それでも、できるだけ冷静に――今はほとんど慰めるような口調で、彼は尋ねた。
「食べ物を作れるようになって、
娘を取り戻し、自分たちを養おうとしている……そういうことか?」
若い女性は言葉では答えなかった。
だが、涙が頬を伝って流れ落ちた。
「どうか……
見逃してください……」
フェンストラの胸が締め付けられた。
彼は拳を強く握りしめた。
(簡単な仕事だと……?
今までは、他の犯罪も疑われている魔女だけを始末してきた……
どうして、俺がこんなものと向き合わなければならない?
くそ……)
若い女性は、フェンストラが震えるのを見ていた。
濡れた目を瞬かせながら、これ以上何も言えずにいた。
フェンストラはさらに拳を握り、眉をひそめた。
(どうした、フェンストラ?
今まで殺してきた連中が、本当に他の罪を犯していたと、誰が保証できる?
もし……騙されていたとしたら?
その場合、なぜ俺は彼女を見逃す必要がある?
もしこの女が嘘をついていたら?
裏で、恐ろしいことをしているとしたら?
くそ……
くそ……
フェンストラ……)
彼は顔を上げ、女の目を真っ直ぐに見つめた。
(くそ……
死を望む敵よりも、この視線の方が耐え難い……
あまりにも……
真実味がありすぎる……)
「魔法を使っているのに……他の使い手を殺すのか?」
アナトリーの言葉が、雷のように彼の脳裏に蘇った。
そして、若い女性が再び口を開いた。
「お願いします……
娘に、もう一度会いたいんです……」
「……分かった!」
フェンストラはスカーフから顔を上げ、手で顔をなぞった。
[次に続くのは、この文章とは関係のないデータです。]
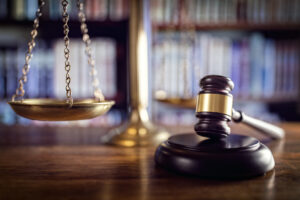 How Can Meyers Personal Injury Law Help if My Family Was a Victim of Funeral Home Negligence in Nashville, TN?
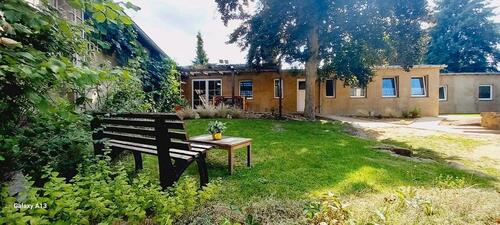 Foto - Einfamilienhaus zum Kaufen in Grimma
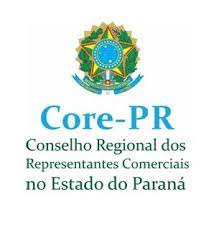 Core-PR publica edital de convocação para eleições | Core PR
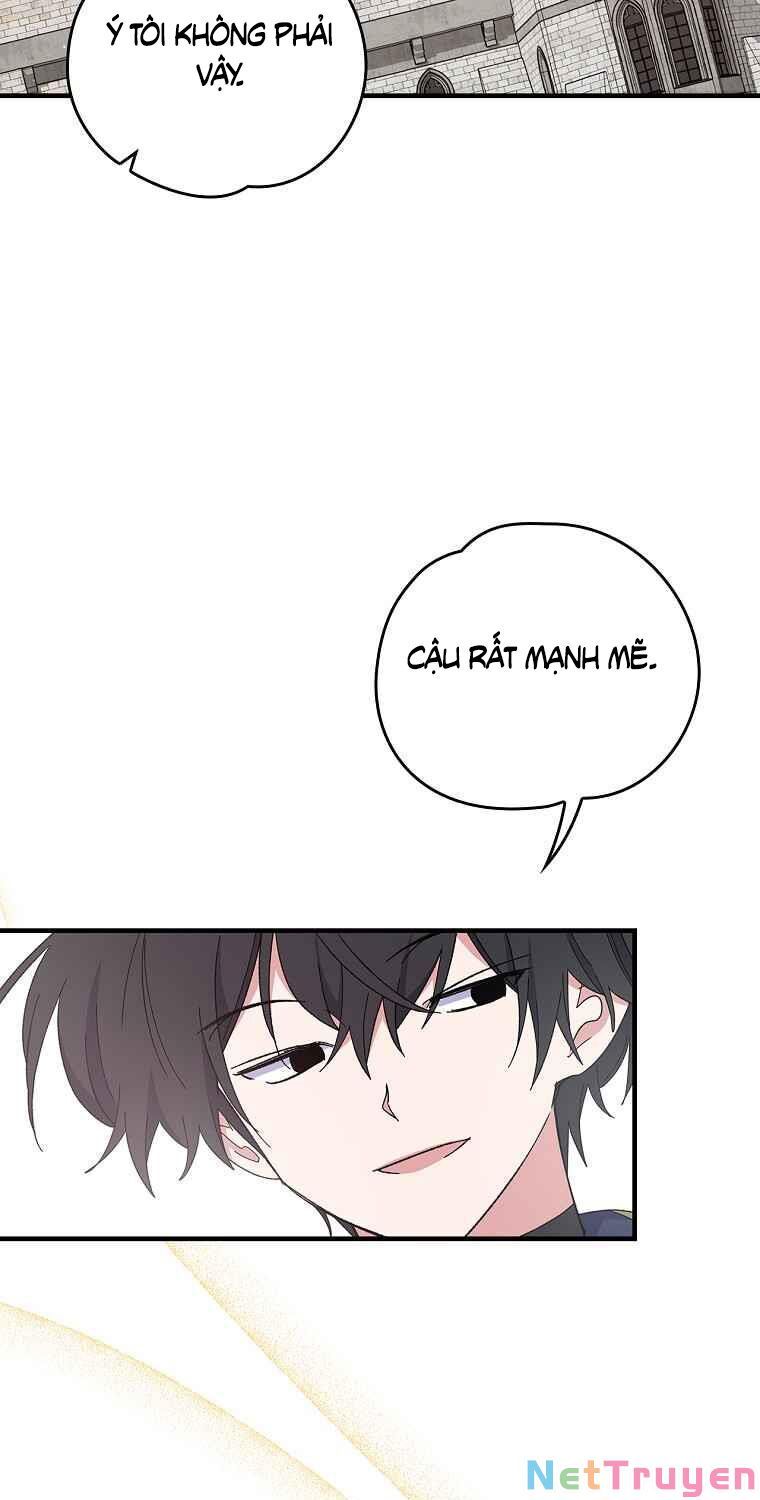 Ygret - Chapter 9 - Page 73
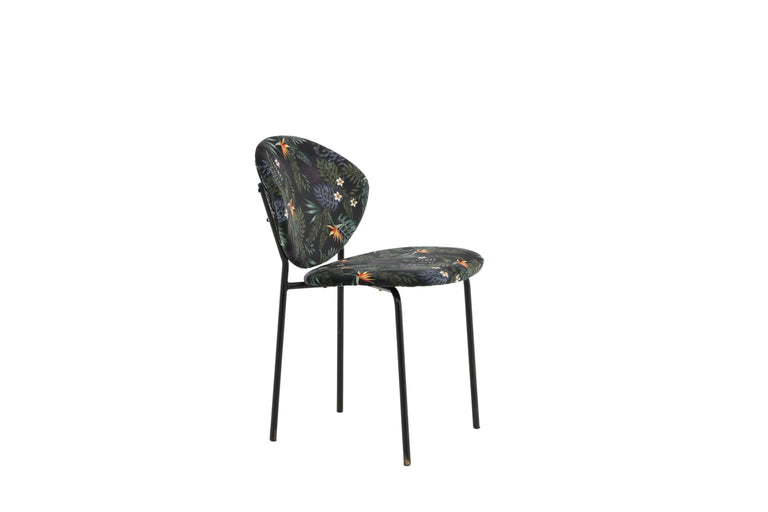 naduvi-collection-eetkamerstoel-zayden-zwart-met-bloemen-patroon-46x61-5x80-polyester-stoelen-fauteuils-meubels4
苛立ったように息を吐く。
(たった一度くらい、任務を放り出してもいいだろ……
別の雇い主を探せばいいだけだ)
「まずは引っ越すことを勧める。
君は通報されたから、俺はここに来た。
金なら持っている。渡そう。
ここを出るには十分な額だ」
「ほ……本当に?」
女の瞳に、かすかな光が宿った。
「ああ。
君が娘に会えるよう、手助けする。
もう二度と魔法には手を出すな」
「信じられない……
本当なの……?」
「ああ、約束する。
そうだ、俺はフェンストラだ。
君は?
名前は何という?」
若い女は、生き返ったかのようだった。
椅子から立ち上がる。
「私は、ア――」
銃声が響いた。
女の頭が後ろへ弾かれた。
血しぶきが飛び散った。
「……え?」
フェンストラの口から漏れたのは、ただその一言だけだった。